En saurait-on dire autant de la proposition scénique ? Rien n’est moins sûr… De la stéréotypie d’une Rome bling-bling à la gesticulation parasite, la valse-hésitation, entre l’épure propice à une portée spirituelle et l’humour où peut aussi se circonscrire l’argument, souffre d’une cruelle carence de propos et, ce faisant, essouffle trop vite le peu d’inventivité qui la traverse. Avec un plateau de chanteurs-acteurs rompus à l’exercice, la chose eut pu se moins laisser remarquer, chacun apportant son métier à y vivre au mieux de ses possibilités, mais habitée par de jeunes artistes, qui bien plutôt auraient sans doute eu besoin qu’on les aidât, elle montre assez crument tout ce qui lui manque.

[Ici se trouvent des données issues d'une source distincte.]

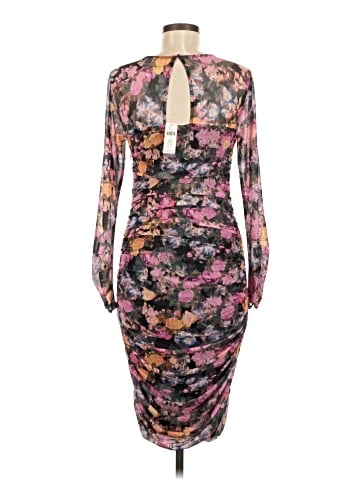 By Anthropologie Cocktail Dress (view 2)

Sur le plateau de l’Athénée Théâtre Louis Jouvet (coproducteur du spectacle avec l’Opéra de Dijon et l’Académie de l’Opéra national de Paris), une douzaine d’artistes font évoluer plus de vingt personnages, certains logés à plusieurs dans un seul gosier. Ainsi d’Yiorgo Ioannou qui prête un baryton ferme à cinq incarnations, dont la voix hors-champ de Mercure, du ténor bien accroché de Léo Vermot Desroches en quatre petits rôles dont l’attachant Lucano, enfin de Thomas Ricart (Soldato/Famigliare di Seneca/Liberto/Trubuni) dont le ténor aérien se joue des traits vocalisés. Les trois allégories ne déméritent pas : Lise Nougier dont l’impact généreux et la perfection d’émission s’illustrent en Virtu autant qu’en Nutrice, le soprano Xenia Proshina, applaudie tout récemment au Palais Garnier [lire notre chronique des Nozze di Figaro], tour à tour Amore et Valetto efficaces, avec l’air de ce dernier livré par une fiabilité confondante, et Martina Russomanno, soprano d’abord gentil, voire timoré en Fortuna, qui déploie plus tard ses moyens en Drusilla.

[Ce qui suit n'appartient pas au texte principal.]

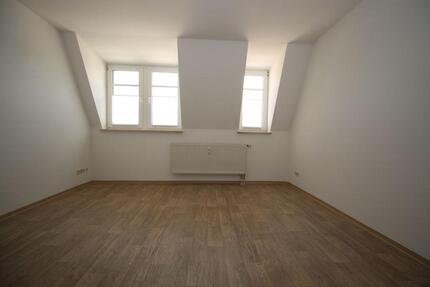 Wohnung Plauen Bahnhofsvorstadt - 2 Zimmer, 59 m&sup2;, 314&euro; | Angebot:23768181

Le contre-ténor Léopold Gilloots-Laforge campe un Ottone fort serti dont la justesse se trouve peu à peu en difficulté. On retrouve l’excellente Lucie Peyramaure, mezzo généreux au chant évident, au service d’une Ottavia émouvante [lire notre chronique du 13 novembre 2019]. Seneca bénéficie de la saine musicalité d’Alejandro Baliñas Vieites, basse de format confortable et au registre idéalement étendu. D’un timbre coloré aux indéniables vertus expressives, le mezzo Marine Chagnon apporte à Poppea ce qu’il faut de charisme et de joyeuse perfidie, nonobstant quelques tics d’émission, partagés avec certaines de nos stars lyriques, dont il conviendra de débarrasser son chant afin qu’il se révèle plus pleinement encore. Enfin, le rôle-titre – s’agissant ici d’Il Nerone, rappelons-le – échoit à Fernando Escalona, contre-ténor auquel il faut un peu de temps pour œuvrer mais qui finit par transmettre honorablement sa partie ; son jeu convainc moins, sans qu’il soit possible de distinguer dans son outrance et ses grimaces la part qui lui revient et celle qui relève de la direction d’acteurs. À cette galerie de portraits manque une figure, et non des moindres. Mention spéciale au dernier contre-ténor de la soirée, Léo Fernique, celui dont le chant s’avère le plus maîtrisé des trois. Loin de limiter la truculente Arnalta à son caractère comique, il réussit, grâce à un dosage remarquable du jeu, à la rendre touchante. Cette première d’une série de dix représentations – six à l’Athénée (jusqu’au 12 mars) puis quatre sur la scène dijonnaise (du 20 au 26) –, promet de voir se bonifier bien vite les prestations de chacun, n’en doutons pas.